Materials provided
━━━━━━━━━━━━━━━━━━━━

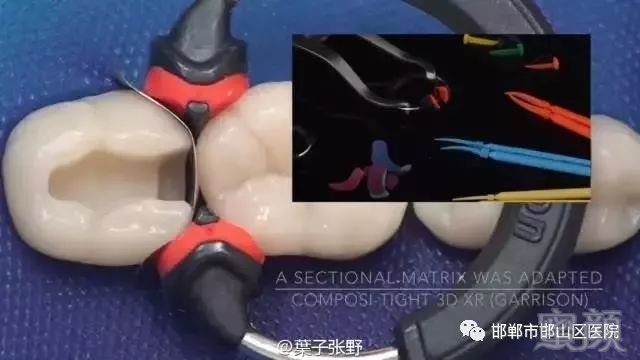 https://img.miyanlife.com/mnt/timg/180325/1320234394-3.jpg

━━━━━━━━━━━━━━━━━━━━

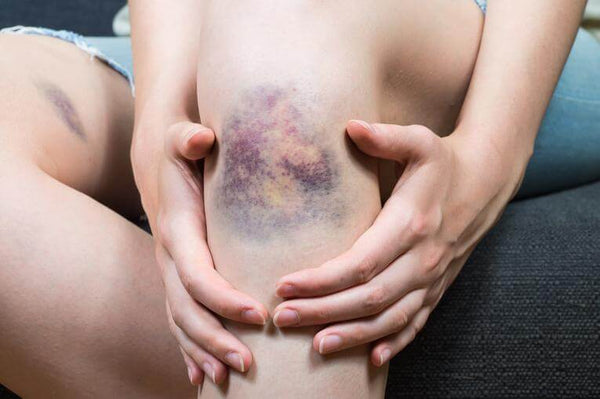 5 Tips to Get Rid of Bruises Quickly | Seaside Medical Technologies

━━━━━━━━━━━━━━━━━━━━

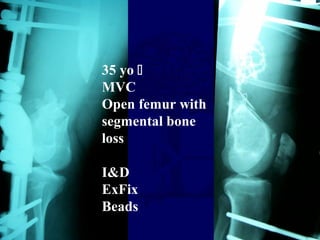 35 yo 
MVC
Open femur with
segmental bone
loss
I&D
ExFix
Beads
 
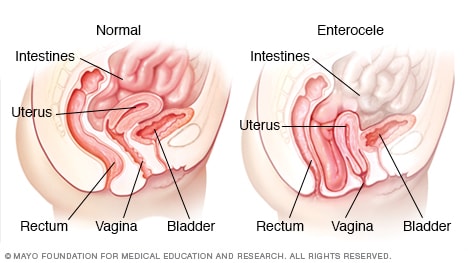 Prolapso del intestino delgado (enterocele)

━━━━━━━━━━━━━━━━━━━━

Task objective
In the records above, everything from the line with "segmental bone" down to the line with "Prolapso del intestino delgado (enterocele)" must be duplicated exactly, both lines kept. Leave no pictures in.

Task answer
segmental bone
loss
I&D
ExFix
Beads
 
 Prolapso del intestino delgado (enterocele)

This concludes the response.